Mission Status: Accomplished!
Current Winery: Domaine du Colombier
Wine Subject: 2004 Hermitage AOC
Winemaker: Florent Viale
Backgrounder:
While, some consider the Northern Rhone just a gateway to the south, lovers of French wines know that some of France’s finest wines are grown and produced in this region. Specifically, Hermitage AOC (and the Cote Rotie as well), known for classic Syrah wines that rival the best Cru Classes wines of Bordeaux. While the appellation allows for up to 15% of Marsanne and Roussane to be added the best wines from this AOC are 100% Syrah and balance power and weight with finesse and elegance.
Wine Spies Tasting Profile:
Look – Deep and dark purple with an almost black nearly opaque inky core. When held up to the light, garnet and ruby highlights glisten and the edges fade ever so slightly to garnet. Slow clusters of fat legs cling the edge of the glass when swirled.
Smell – Fragrant and well developed with ripe berries including blueberry, dusty red raspberry and blackberry that is layered over complex notes of earth, herbal fennel and floral violet hints.
Feel – Full-bodied, weighty and almost chewy in texture, this full-bodied with has firm but silky tannins and balanced medium acidity round with a touch of minerality that lingers through to the finish.
Taste – Rich and deeply concentrated flavors of blueberry, plum, and other red and black fruits are well integrated with a touch of exotic spice and the region’s trademark white pepper kick. Herbal fennel, smoke, floral violets and toasted oak round out the complex flavor profile of this lovely wine.
Finish – Weighty in the finish with fruit flavors that include plum, blueberry and black-fruit with lingering minerality, herbal notes and spice that goes on and on.

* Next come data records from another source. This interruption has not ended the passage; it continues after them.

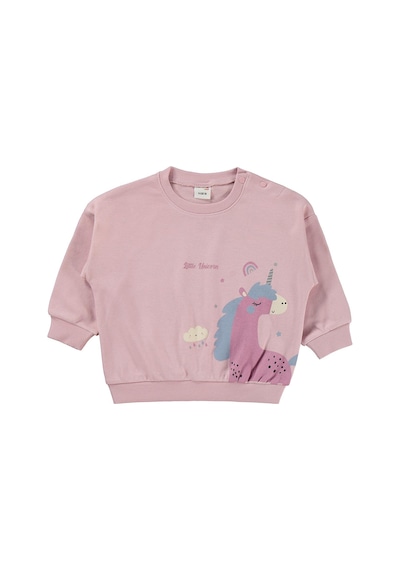 Civil Baby Unicorn Baskılı 6-18 Ay Takım - Pembe Pink Pastel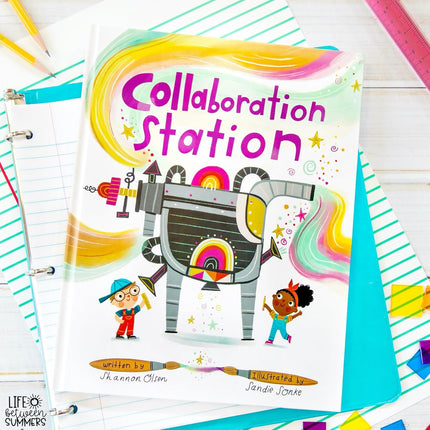 Collaboration Station (The Classroom Community Collection)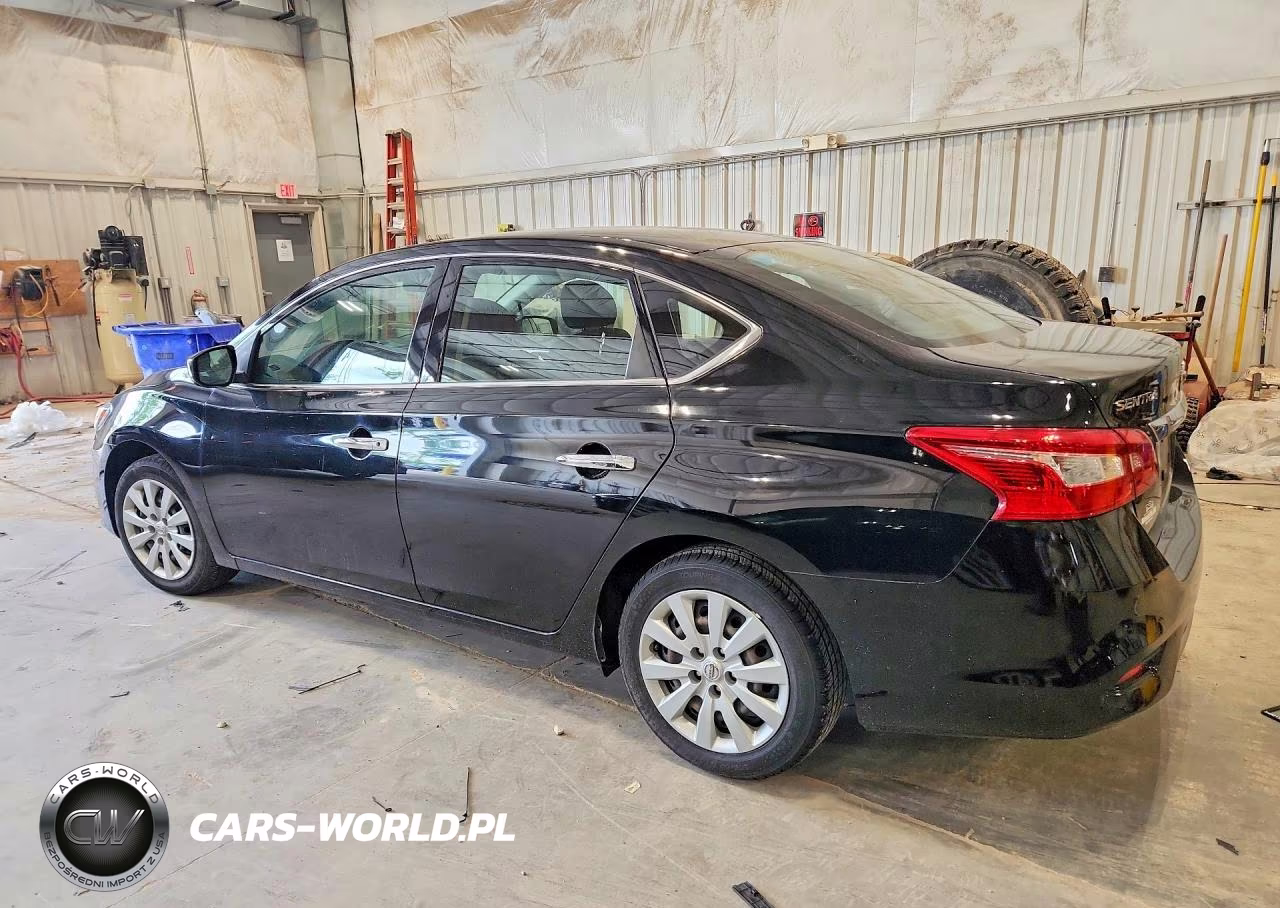 2018 Nissan Sentra S VIN:3N1AB7AP8JY311592 - 2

Conclusion – The 2004 Domaine du Columbier Hermitage is a delicious wine that truly represents the region’s tradition for exceptional wine. 100% Syrah, this wine has bold and rich fruit, but being classic old-world in its style and production, shows tremendous finesse and elegance. Perfect for anything you through on the grill or snuggling up in front of the bonfire on the beach, this wine will not disappoint.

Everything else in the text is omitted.